Price Points

Cost watch: what’s going up and what’s going down in November

Prestige Purchasing’s chairman, David Read, gives you a glimpse into the financial future.

1 November 2018
Brexitcoffeeingredientsmeet the expertpricingseafood

Meet the Expert

Who: David Read

What: Chairman

Where: Prestige Purchasing

 

Apart from fish and oils/fats, food and drink markets are relatively quiet, as everyone holds their breath on the biggest risk out there – a no-deal Brexit. 

ONE TO WATCH! Brexit countdown

As I write, there are less than five months to go before Brexit. There is broad agreement that an exit deal requires completion within the next eight weeks for it to be ratified in time. The few bookmakers still offering odds on a no-deal Brexit are offering evens or marginal odds-on.

My City of London sources all confirm that this outcome would likely result in another significant correction in the value of the pound (consensus -10% to -20%), which in turn will inflate imported food prices significantly next year.

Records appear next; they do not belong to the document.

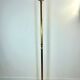Halogen Floor Lamp GAULT Golden Brass Vintage 80s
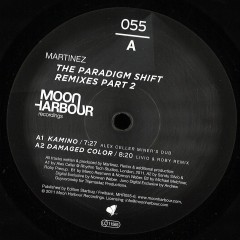 *2* The Paradigm Shift Remixes Part (no cover)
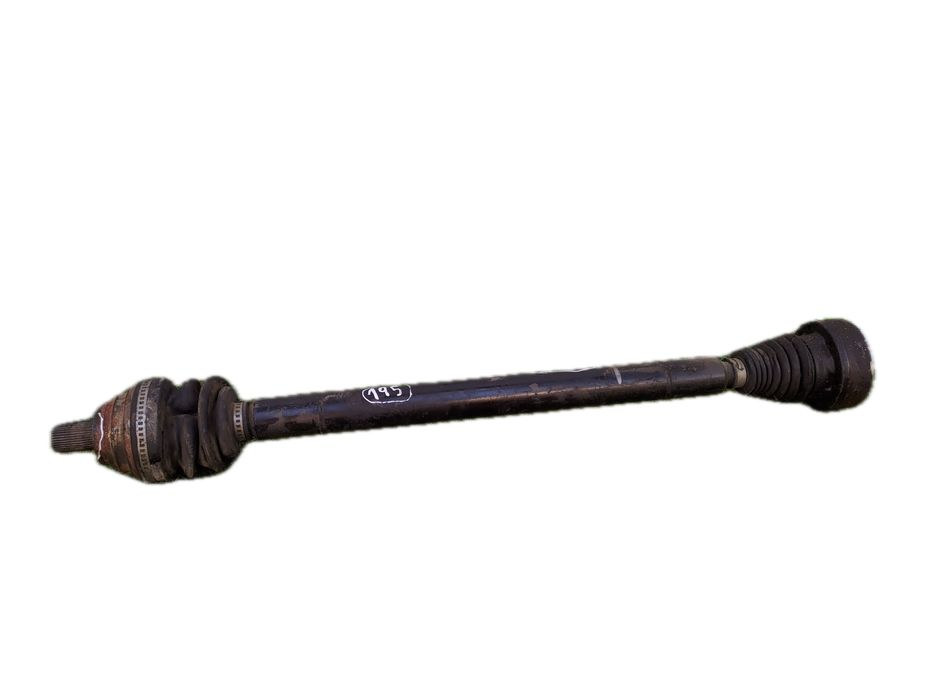 Transmissão frente direita VOLKSWAGEN Golf Plus (5M1, 521)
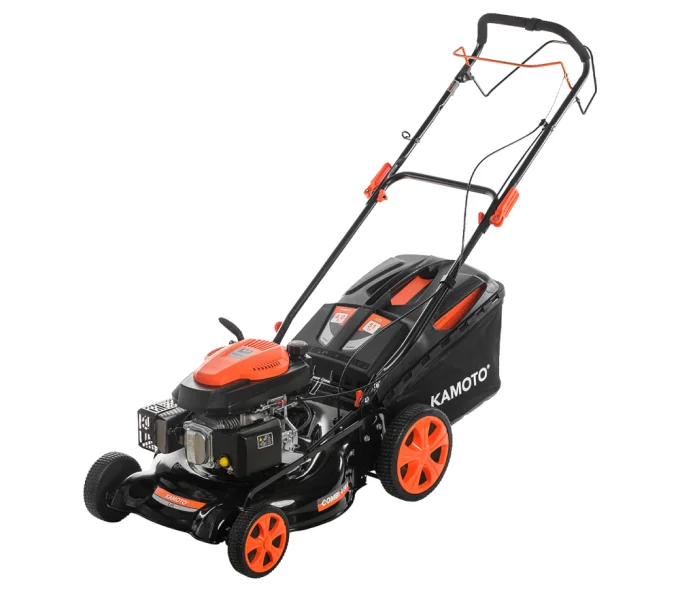 Mașină de tuns gazonul cu benzină KAMOTO L51 510mm 4cp-1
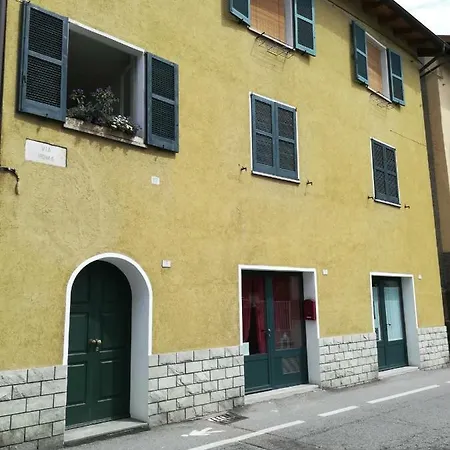 شقة Casa Di Lena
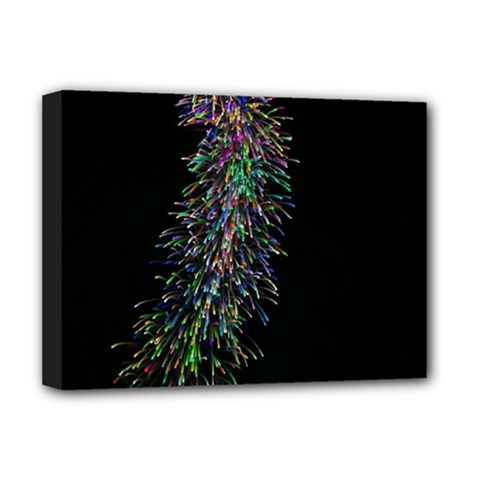 Galaxy Space Deluxe Canvas 16  X 12  (stretched)  by Sabelacarlos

UP! Fish and seafood crest the price waves

Over 70% (by value) of the fish and seafood we consume in the UK is made up of salmon, prawns, tuna and leading white fish cod and haddock. When these markets come under pressure, the impact can be big.

The Foodservice Price Index (FPI) for this category is now showing a record 26% inflation, and the outlook over the winter months remains uncertain. Salmon pricing has been all over the place, with an almost 20% drop in the summer now reversed and the price creeping slowly down again since.

All imported fish has been affected by recent further declines in the value of the pound, and trade turbulence has been created in world markets by the imposition of a 10% tariff by the US on Chinese fish imports, which in turn is pushing up demand (and price) in other countries.

Against a pattern of long-term decline in the number of fishermen in the UK, the next few months will see the full implementation of the EU Common Fisheries Policy on landing obligation, requiring all fish caught – desired or not – to be landed rather than thrown back into the sea. This is now driving vessel owners to invest in gear modifications and changes in fishing methods, contributing to increasing costs.

DOWN! Coffee cooling too fast?

At the end of 2016, the price of Arabica coffee on the New York Stock Exchange had fallen to $1.55 per pound (454g). Since then, the price has dropped further to a dramatic low point of less than $1 per pound, attributed to surplus supply from Vietnam, the world’s second largest coffee producer.

Whilst this is good news for operators, this price is below the cost of production, jeopardising both the livelihoods of up to 25m coffee farming families worldwide and potentially even future supply capability. Even before this recent price slump, of the total value of coffee (around $200bn in 2015), only 10% stays in the countries of origin.

In the UK, Fairtrade, which is the only certification mark that requires a minimum price of coffee for buyers ($1.40 per pound), has a market share of around 25%. This means that for three-quarters of all packs of coffee in the UK, no price security is offered for coffee farmers.

ONE TO WATCH! Edible oils and fats are becoming indigestible

In February this year, the FPI index for edible oils and fats was at 117. Since then, the index has risen every single month to a high of 156 in the most recent edition. Much of this rise has been driven by a huge surge in the price of butter over the past two years, where the upstream wholesale price reached a peak in October 2017 of almost three times the level of the prior year.

Around 70% of this price spike came off in the early part of this year, but the weather problems of this summer pushed it back up again to a mid-point between the two. We expect this now to ease as we enter the winter period, as the upstream wholesale price eases off.

The edible oils market remains unstable. Palm oil has been recovering price, while UK rapeseed production is provisionally estimated at a 5% fall from 2017 and 7% below the five-year average. Prolonged dry conditions and warmer than average temperatures across large swathes of Europe have raised concerns for the coming year’s rapeseed crop.